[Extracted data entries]
--- START ---

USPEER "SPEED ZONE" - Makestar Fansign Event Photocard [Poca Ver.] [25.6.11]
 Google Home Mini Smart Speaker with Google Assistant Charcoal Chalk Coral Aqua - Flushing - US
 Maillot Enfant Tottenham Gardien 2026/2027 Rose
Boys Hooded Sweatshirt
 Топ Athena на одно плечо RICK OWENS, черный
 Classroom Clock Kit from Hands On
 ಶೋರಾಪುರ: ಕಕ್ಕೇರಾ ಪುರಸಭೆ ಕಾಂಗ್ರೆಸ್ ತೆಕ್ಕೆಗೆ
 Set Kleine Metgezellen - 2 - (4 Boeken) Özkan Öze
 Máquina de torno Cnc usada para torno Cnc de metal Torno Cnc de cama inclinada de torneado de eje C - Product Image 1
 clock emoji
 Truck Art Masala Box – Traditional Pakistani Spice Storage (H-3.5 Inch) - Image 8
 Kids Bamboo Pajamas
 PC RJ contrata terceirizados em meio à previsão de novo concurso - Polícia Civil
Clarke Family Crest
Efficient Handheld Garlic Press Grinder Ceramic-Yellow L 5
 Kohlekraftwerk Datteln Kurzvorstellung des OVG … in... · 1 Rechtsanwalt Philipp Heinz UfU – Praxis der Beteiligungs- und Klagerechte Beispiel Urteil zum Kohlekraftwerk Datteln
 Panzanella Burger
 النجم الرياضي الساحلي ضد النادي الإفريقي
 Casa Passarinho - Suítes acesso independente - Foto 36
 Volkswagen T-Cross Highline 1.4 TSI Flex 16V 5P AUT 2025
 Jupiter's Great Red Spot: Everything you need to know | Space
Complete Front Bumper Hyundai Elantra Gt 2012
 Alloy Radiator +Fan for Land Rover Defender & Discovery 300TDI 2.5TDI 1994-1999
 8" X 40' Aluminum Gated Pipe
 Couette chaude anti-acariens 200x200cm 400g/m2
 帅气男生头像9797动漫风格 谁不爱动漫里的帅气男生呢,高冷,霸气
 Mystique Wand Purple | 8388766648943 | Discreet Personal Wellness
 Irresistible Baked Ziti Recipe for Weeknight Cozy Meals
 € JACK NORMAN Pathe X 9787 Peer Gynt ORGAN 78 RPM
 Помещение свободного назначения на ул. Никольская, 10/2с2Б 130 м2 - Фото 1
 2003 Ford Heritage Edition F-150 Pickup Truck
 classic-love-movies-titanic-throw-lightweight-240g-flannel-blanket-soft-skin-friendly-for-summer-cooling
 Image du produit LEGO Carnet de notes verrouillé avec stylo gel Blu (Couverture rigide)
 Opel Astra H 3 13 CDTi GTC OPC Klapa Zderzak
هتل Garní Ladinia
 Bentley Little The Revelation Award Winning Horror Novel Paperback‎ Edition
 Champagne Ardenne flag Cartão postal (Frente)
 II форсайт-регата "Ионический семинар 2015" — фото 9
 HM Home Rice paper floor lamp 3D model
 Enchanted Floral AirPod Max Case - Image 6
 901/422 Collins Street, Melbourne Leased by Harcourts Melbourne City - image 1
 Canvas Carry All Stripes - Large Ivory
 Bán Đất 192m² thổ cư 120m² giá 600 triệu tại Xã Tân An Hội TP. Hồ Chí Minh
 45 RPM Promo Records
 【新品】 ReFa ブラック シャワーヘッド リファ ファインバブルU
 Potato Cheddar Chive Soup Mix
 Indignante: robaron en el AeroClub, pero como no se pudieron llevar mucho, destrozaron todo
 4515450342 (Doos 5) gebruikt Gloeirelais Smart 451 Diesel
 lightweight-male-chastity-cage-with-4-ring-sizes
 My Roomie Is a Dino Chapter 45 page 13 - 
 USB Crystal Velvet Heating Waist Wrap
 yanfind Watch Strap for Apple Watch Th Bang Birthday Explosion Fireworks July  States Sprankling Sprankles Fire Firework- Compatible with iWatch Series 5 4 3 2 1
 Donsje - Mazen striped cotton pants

--- END ---

What is required:
All of the data above needs to be written out exactly.

Response to this task:
USPEER "SPEED ZONE" - Makestar Fansign Event Photocard [Poca Ver.] [25.6.11]
 Google Home Mini Smart Speaker with Google Assistant Charcoal Chalk Coral Aqua - Flushing - US
 Maillot Enfant Tottenham Gardien 2026/2027 Rose
Boys Hooded Sweatshirt
 Топ Athena на одно плечо RICK OWENS, черный
 Classroom Clock Kit from Hands On
 ಶೋರಾಪುರ: ಕಕ್ಕೇರಾ ಪುರಸಭೆ ಕಾಂಗ್ರೆಸ್ ತೆಕ್ಕೆಗೆ
 Set Kleine Metgezellen - 2 - (4 Boeken) Özkan Öze
 Máquina de torno Cnc usada para torno Cnc de metal Torno Cnc de cama inclinada de torneado de eje C - Product Image 1
 clock emoji
 Truck Art Masala Box – Traditional Pakistani Spice Storage (H-3.5 Inch) - Image 8
 Kids Bamboo Pajamas
 PC RJ contrata terceirizados em meio à previsão de novo concurso - Polícia Civil
Clarke Family Crest
Efficient Handheld Garlic Press Grinder Ceramic-Yellow L 5
 Kohlekraftwerk Datteln Kurzvorstellung des OVG … in... · 1 Rechtsanwalt Philipp Heinz UfU – Praxis der Beteiligungs- und Klagerechte Beispiel Urteil zum Kohlekraftwerk Datteln
 Panzanella Burger
 النجم الرياضي الساحلي ضد النادي الإفريقي
 Casa Passarinho - Suítes acesso independente - Foto 36
 Volkswagen T-Cross Highline 1.4 TSI Flex 16V 5P AUT 2025
 Jupiter's Great Red Spot: Everything you need to know | Space
Complete Front Bumper Hyundai Elantra Gt 2012
 Alloy Radiator +Fan for Land Rover Defender & Discovery 300TDI 2.5TDI 1994-1999
 8" X 40' Aluminum Gated Pipe
 Couette chaude anti-acariens 200x200cm 400g/m2
 帅气男生头像9797动漫风格 谁不爱动漫里的帅气男生呢,高冷,霸气
 Mystique Wand Purple | 8388766648943 | Discreet Personal Wellness
 Irresistible Baked Ziti Recipe for Weeknight Cozy Meals
 € JACK NORMAN Pathe X 9787 Peer Gynt ORGAN 78 RPM
 Помещение свободного назначения на ул. Никольская, 10/2с2Б 130 м2 - Фото 1
 2003 Ford Heritage Edition F-150 Pickup Truck
 classic-love-movies-titanic-throw-lightweight-240g-flannel-blanket-soft-skin-friendly-for-summer-cooling
 Image du produit LEGO Carnet de notes verrouillé avec stylo gel Blu (Couverture rigide)
 Opel Astra H 3 13 CDTi GTC OPC Klapa Zderzak
هتل Garní Ladinia
 Bentley Little The Revelation Award Winning Horror Novel Paperback‎ Edition
 Champagne Ardenne flag Cartão postal (Frente)
 II форсайт-регата "Ионический семинар 2015" — фото 9
 HM Home Rice paper floor lamp 3D model
 Enchanted Floral AirPod Max Case - Image 6
 901/422 Collins Street, Melbourne Leased by Harcourts Melbourne City - image 1
 Canvas Carry All Stripes - Large Ivory
 Bán Đất 192m² thổ cư 120m² giá 600 triệu tại Xã Tân An Hội TP. Hồ Chí Minh
 45 RPM Promo Records
 【新品】 ReFa ブラック シャワーヘッド リファ ファインバブルU
 Potato Cheddar Chive Soup Mix
 Indignante: robaron en el AeroClub, pero como no se pudieron llevar mucho, destrozaron todo
 4515450342 (Doos 5) gebruikt Gloeirelais Smart 451 Diesel
 lightweight-male-chastity-cage-with-4-ring-sizes
 My Roomie Is a Dino Chapter 45 page 13 - 
 USB Crystal Velvet Heating Waist Wrap
 yanfind Watch Strap for Apple Watch Th Bang Birthday Explosion Fireworks July  States Sprankling Sprankles Fire Firework- Compatible with iWatch Series 5 4 3 2 1
 Donsje - Mazen striped cotton pants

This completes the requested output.